Seperti Firaun, kekuatannya dibangun di atas penindasan dan propaganda. Tapi Allah berkata :
"Mereka membuat makar, namun Allah adalah sebaik-baik pembalas makar." (Ali Imran : 54)
b. Amerika dan Kaum 'Aad (QS Fussilat : 15)
"Adapun kaum ‘Aad, mereka berlaku sombong di bumi tanpa hak, dan mereka berkata : Siapa yang lebih kuat dari kami ?"
Amerika sering kali menyebut dirinya "the greatest nation on earth" — sombong atas kekuatan nuklir, sains, dan budaya pop. Tapi seperti kaum 'Aad, ketika kekuatan digunakan tanpa hikmah, itu memicu murka sejarah.
Hari ini Amerika sedang diterpa :
🏛️Krisis moral : Hedonisme, runtuhnya keluarga, spiritualitas mati.
🏛️Krisis sosial : Depresi massal, penembakan massal, kecanduan narkoba (opioid crisis).
🏛️Krisis legitimasi : Warga kehilangan kepercayaan pada institusi dan demokrasi itu sendiri.
c. Amerika dan Kisah Saba’ (QS Saba : 15–19)
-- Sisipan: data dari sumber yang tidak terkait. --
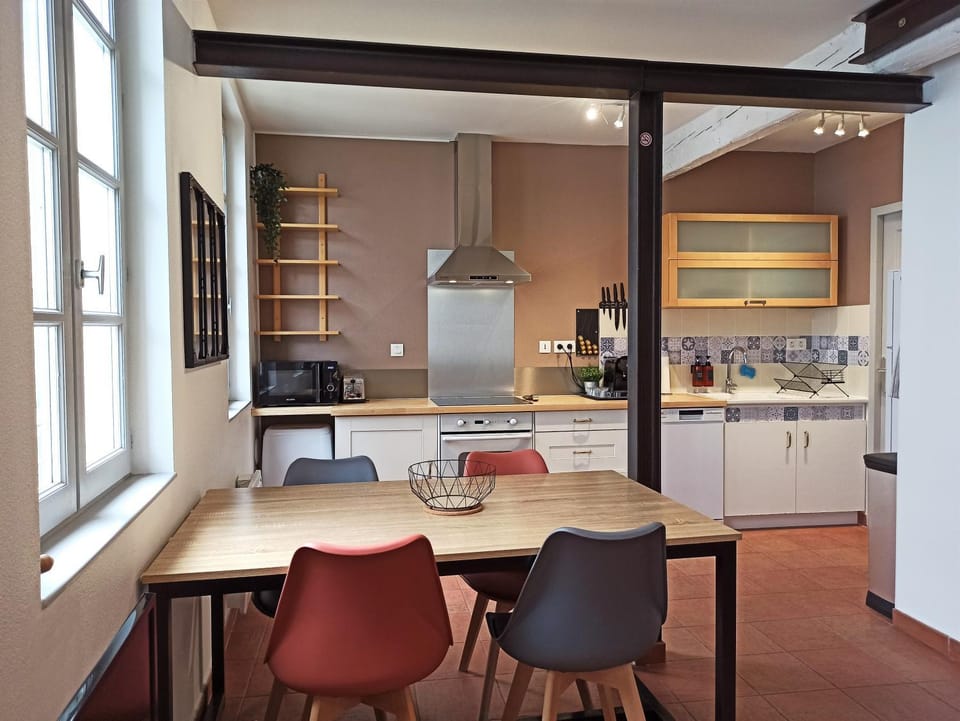 Coffee/tea facilities, Kitchen or kitchenette, Dining area, dishwasher, minibar, pet friendly, stove, toaster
"Negeri mereka dahulu adalah negeri yang sejahtera dan aman… tetapi mereka berpaling, maka Kami kirimkan kepada mereka banjir besar..."
Amerika seperti negeri Saba’ : makmur, subur, teknologinya tinggi. Tapi ketika mereka berpaling dari keadilan dan menjadikan hawa nafsu sebagai ilah, datang kehancuran dari dalam :
👁️ Perubahan iklim, badai dan kebakaran hutan masif.
👁️ Infrastruktur tua dan rapuh.
👁️Ancaman perpecahan negara bagian (gerakan pemisahan seperti di Texas dan California).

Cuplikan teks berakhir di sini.